## WORK TASK:
Reproduce the listing below character for character; drop every image.

## DATA SECTION:
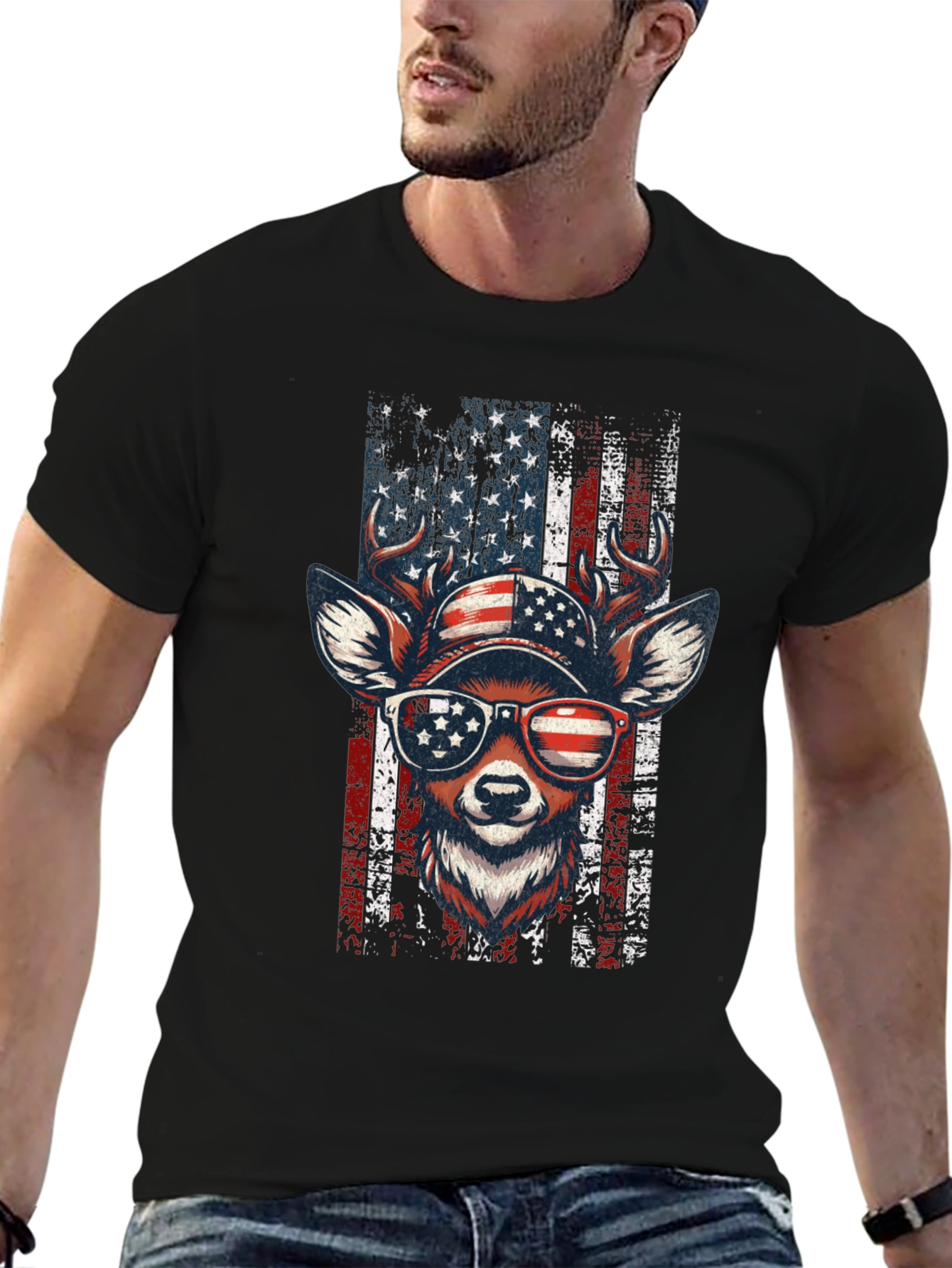 Patriotic Deer USA Flag Graphic T-Shirt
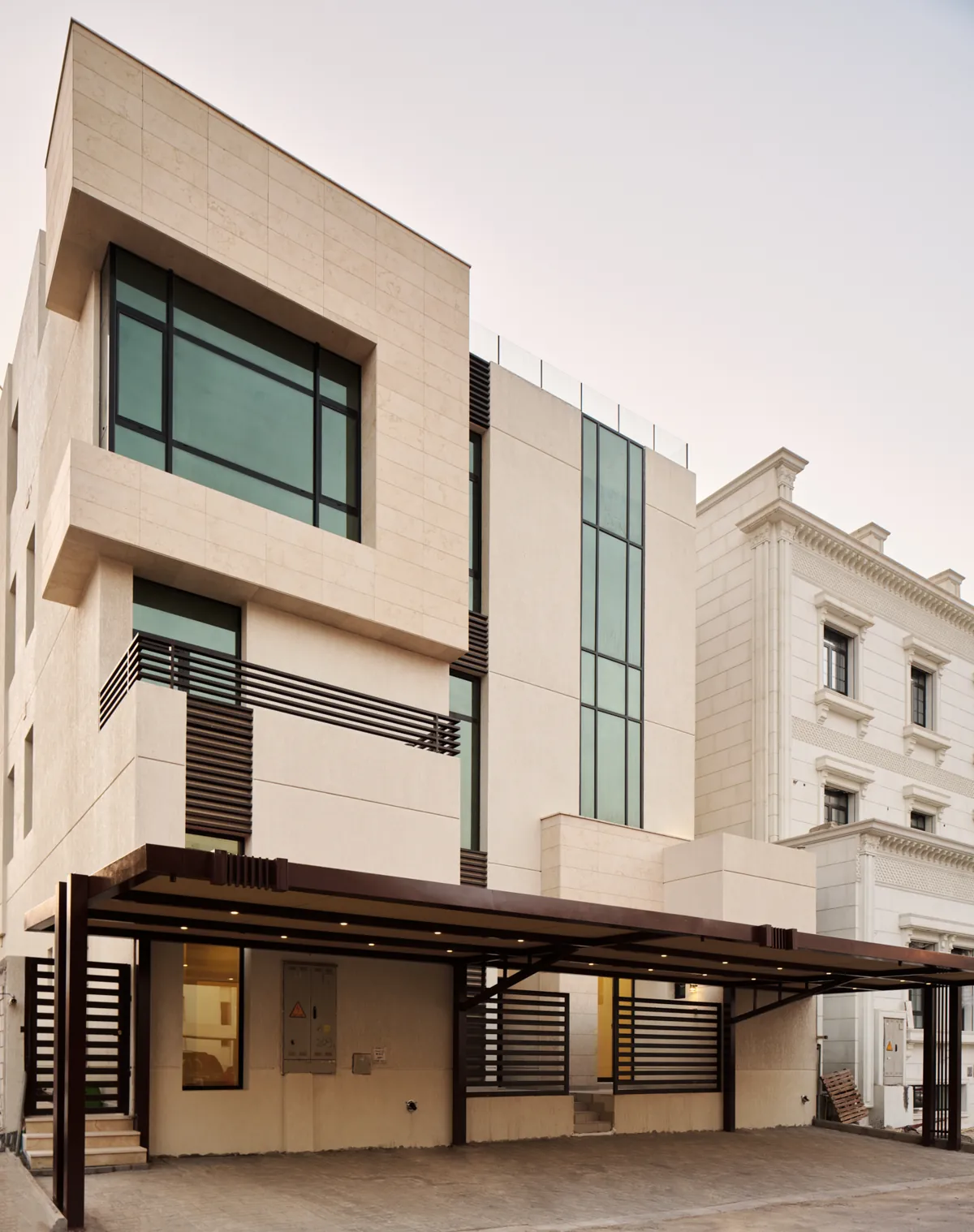 Completed villa, corner view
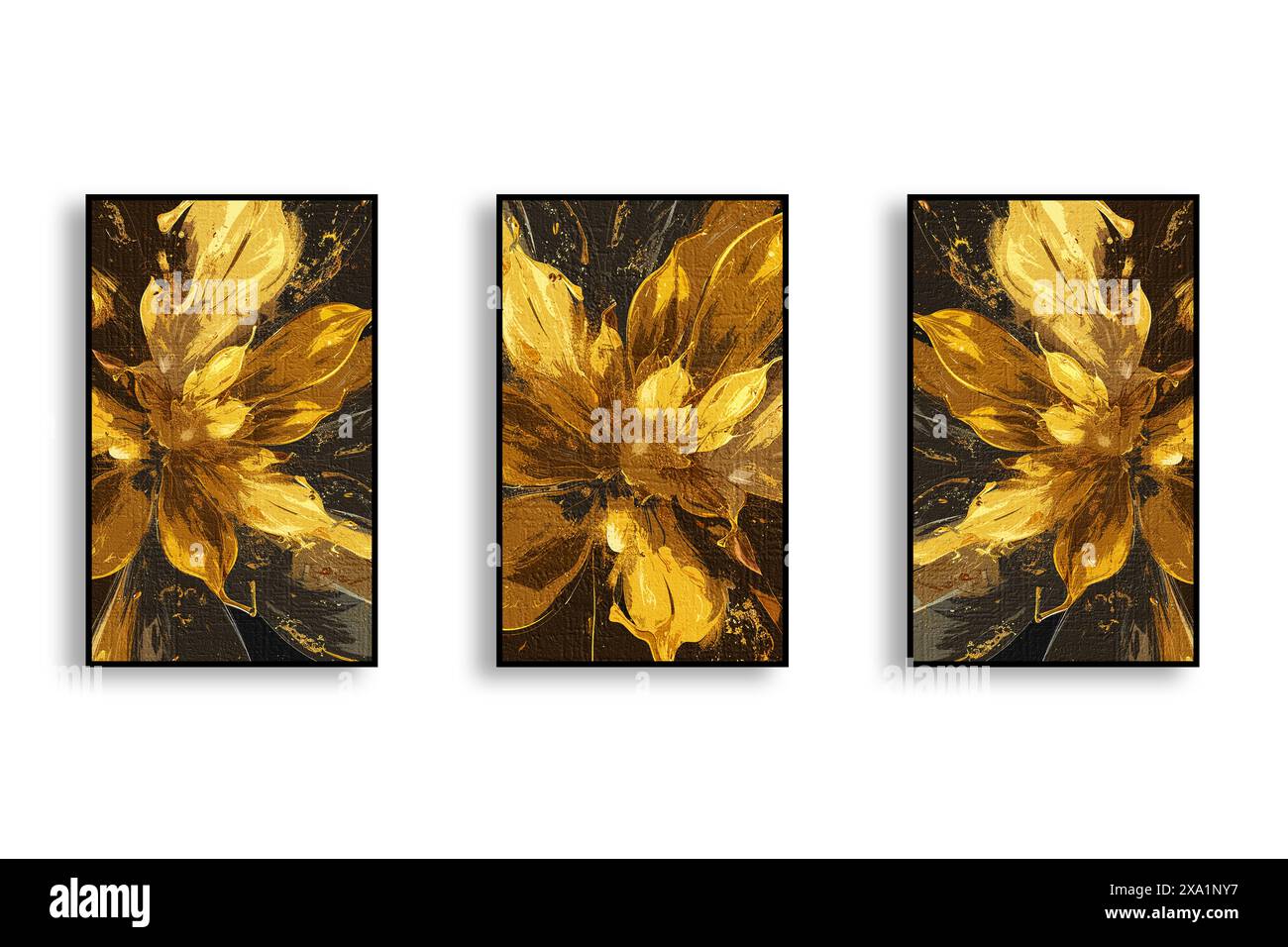 Peinture abstraite d'art de mode à l'aquarelle, combinaison de couleurs, feuilles, triptyque, peinture d'éléments dorés, plantes, plumes Banque D'Images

## SOLVED PROBLEM:
 Patriotic Deer USA Flag Graphic T-Shirt
 Completed villa, corner view
 Peinture abstraite d'art de mode à l'aquarelle, combinaison de couleurs, feuilles, triptyque, peinture d'éléments dorés, plantes, plumes Banque D'Images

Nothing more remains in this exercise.